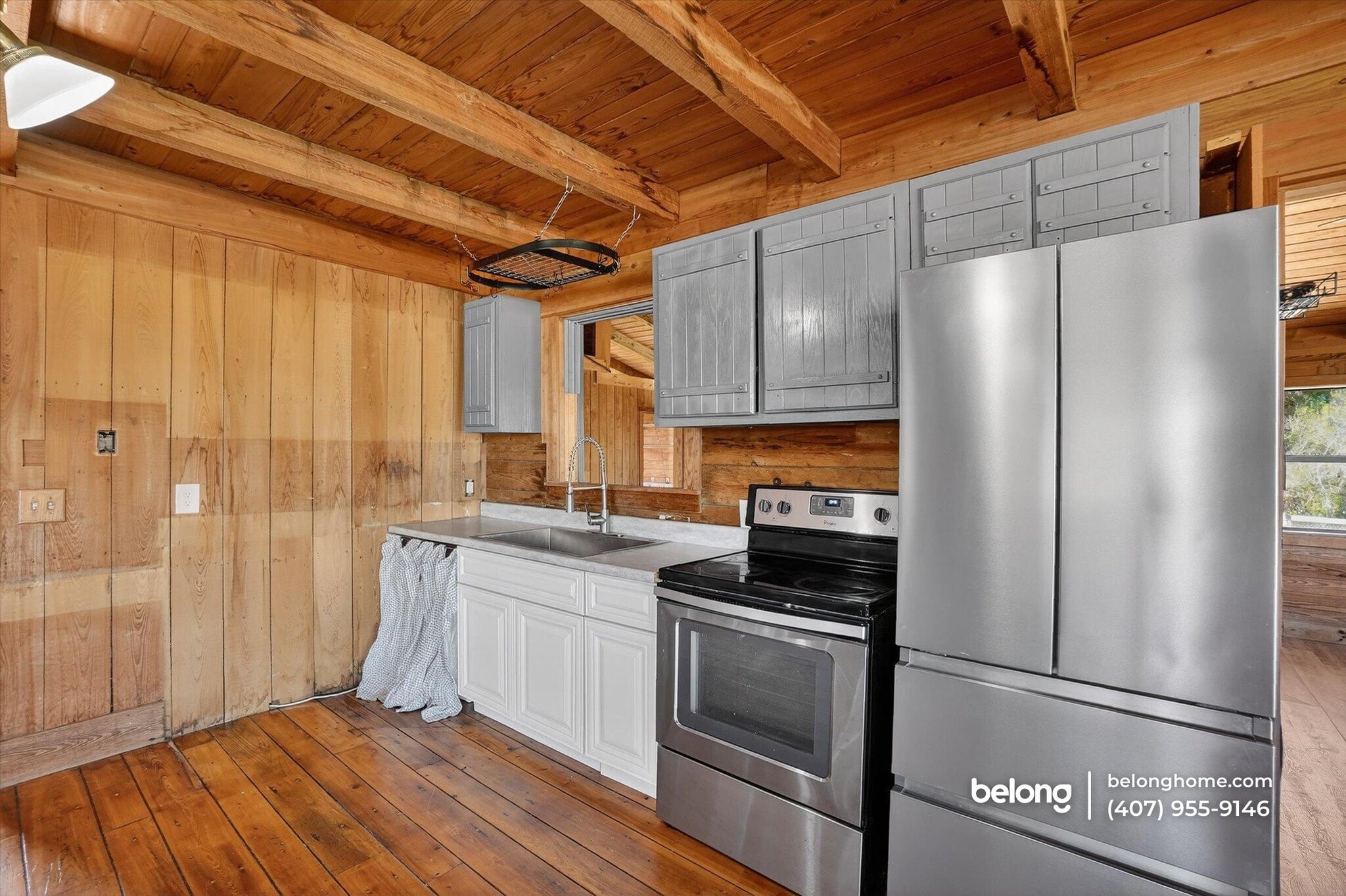 Building Photo - 1330 Niatross St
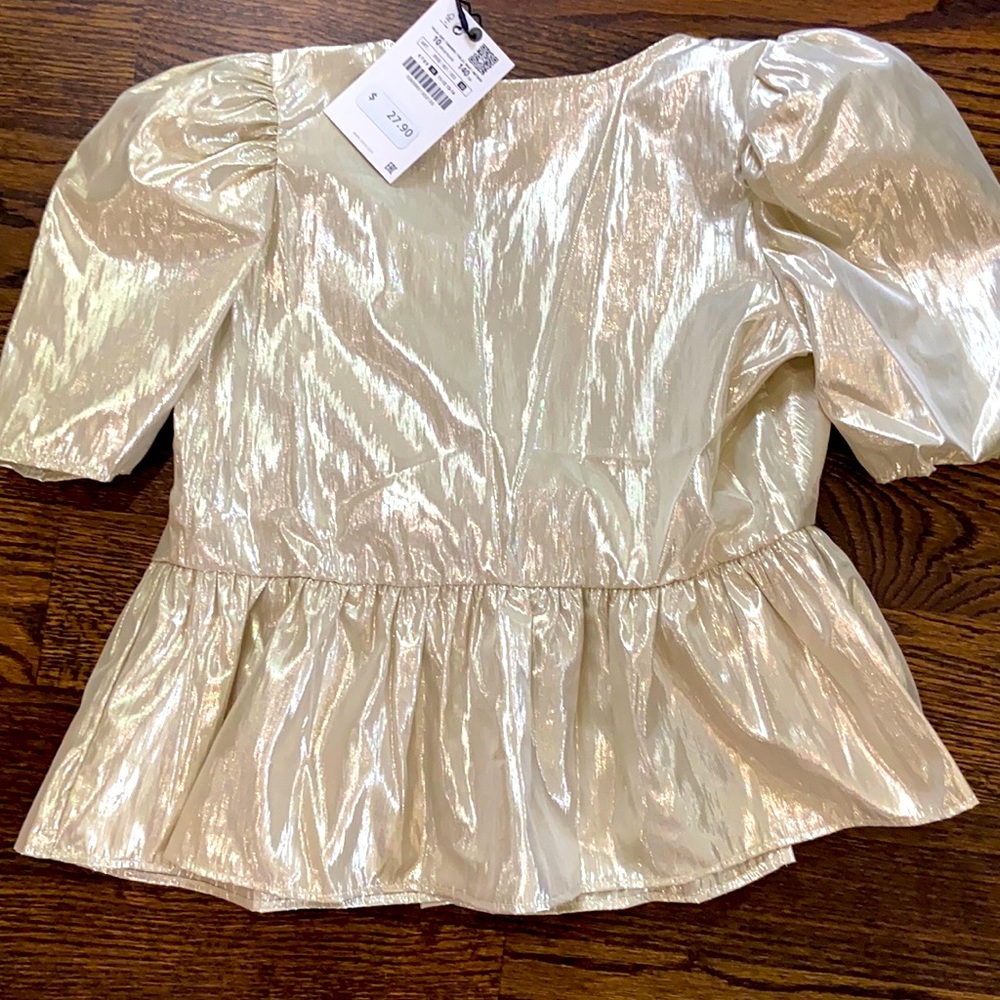 My daughter ordered and it is big for her.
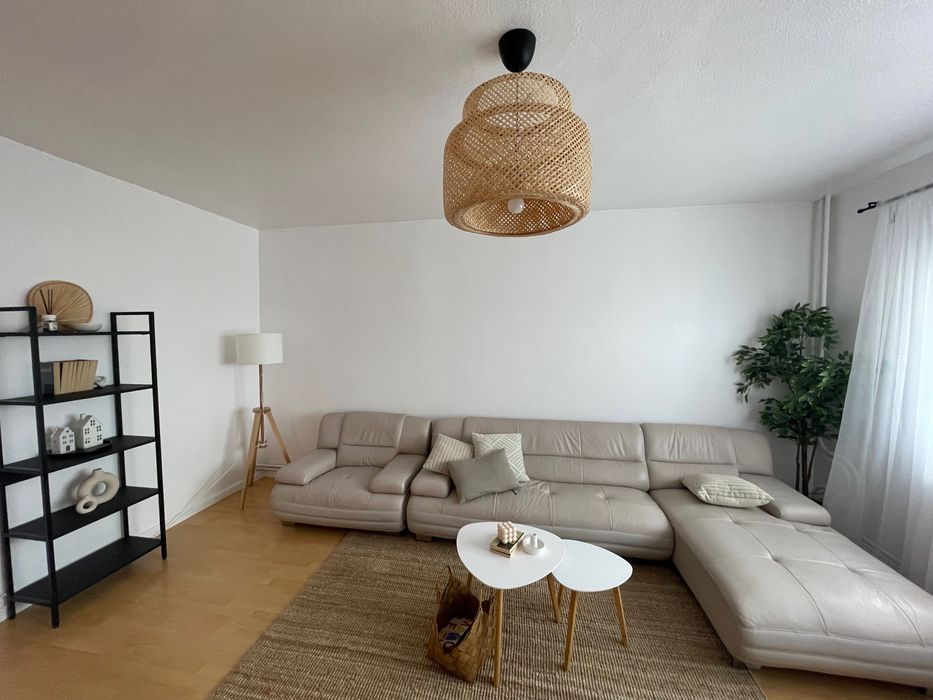 Vand apartament spatios mobilat Ploiesti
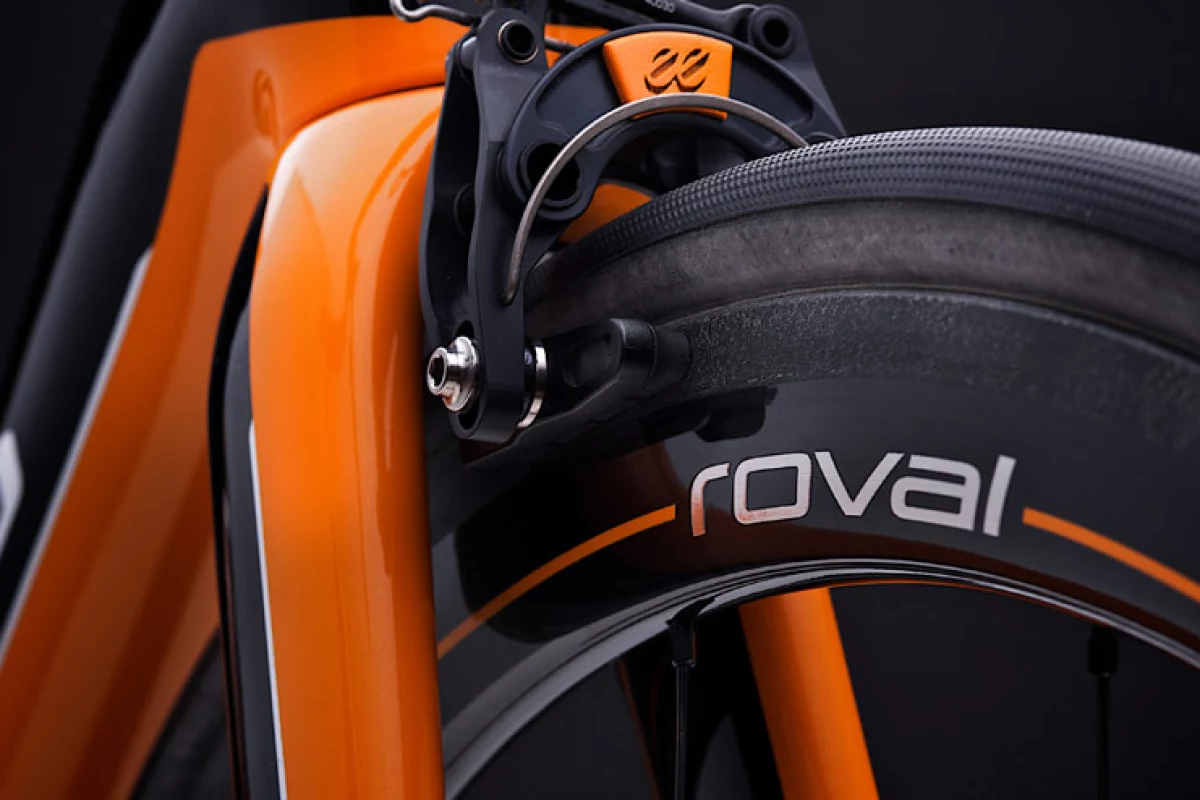 Specialized And Mclaren Reunite For Limited Edition 20 000 Road Bike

* * * * * * * * *

Print the whole listing again exactly, please. No pictures.

◆ RESULT OF THIS EXERCISE ◆
 Building Photo - 1330 Niatross St
 My daughter ordered and it is big for her.
 Vand apartament spatios mobilat Ploiesti
 Specialized And Mclaren Reunite For Limited Edition 20 000 Road Bike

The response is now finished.